▶ [Data listing]
════════════════════
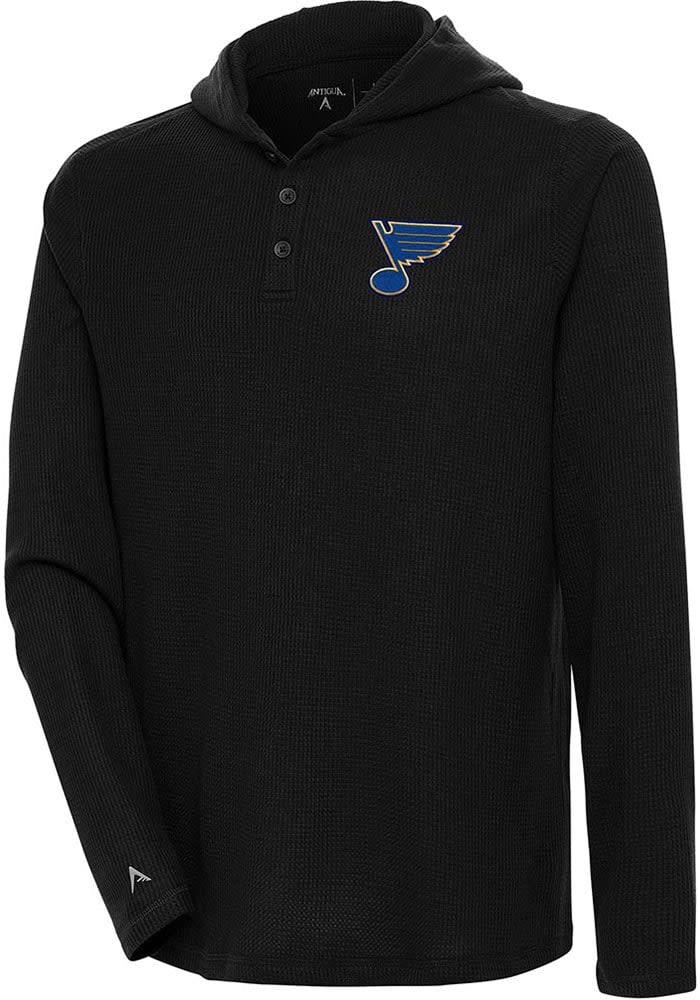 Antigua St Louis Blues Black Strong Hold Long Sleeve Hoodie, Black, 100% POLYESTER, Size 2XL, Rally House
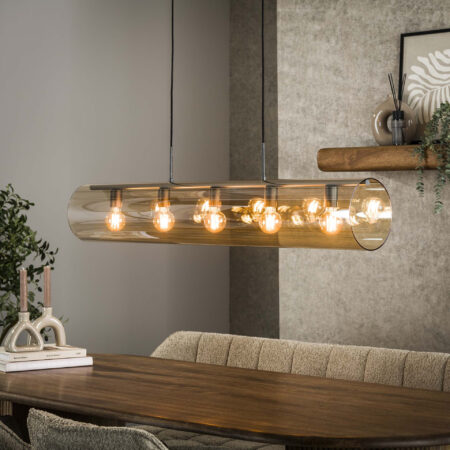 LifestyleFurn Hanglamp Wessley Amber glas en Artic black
════════════════════
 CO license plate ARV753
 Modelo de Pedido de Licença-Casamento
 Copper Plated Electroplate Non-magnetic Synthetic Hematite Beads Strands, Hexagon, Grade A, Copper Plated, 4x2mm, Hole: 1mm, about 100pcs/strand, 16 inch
════════════════════
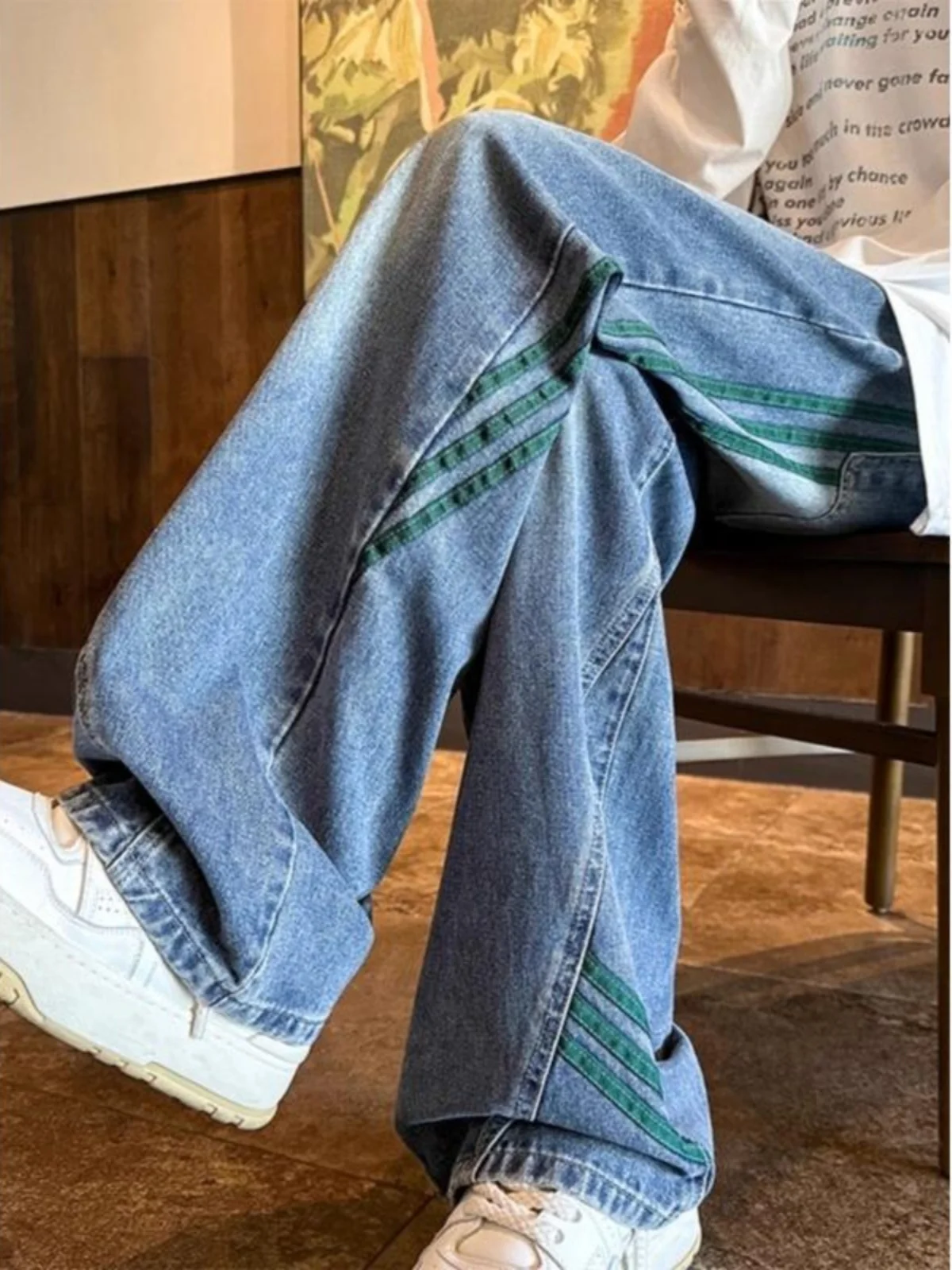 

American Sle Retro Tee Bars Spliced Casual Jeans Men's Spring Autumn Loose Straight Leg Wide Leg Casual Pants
════════════════════
▶ [About this task] Look through the listing above for the line with "Antigua St Louis" and the line with "LifestyleFurn Hanglamp Wessley". Write out exactly those lines and everything between, leaving out pictures.

▶ [Result]
 Antigua St Louis Blues Black Strong Hold Long Sleeve Hoodie, Black, 100% POLYESTER, Size 2XL, Rally House
 LifestyleFurn Hanglamp Wessley Amber glas en Artic black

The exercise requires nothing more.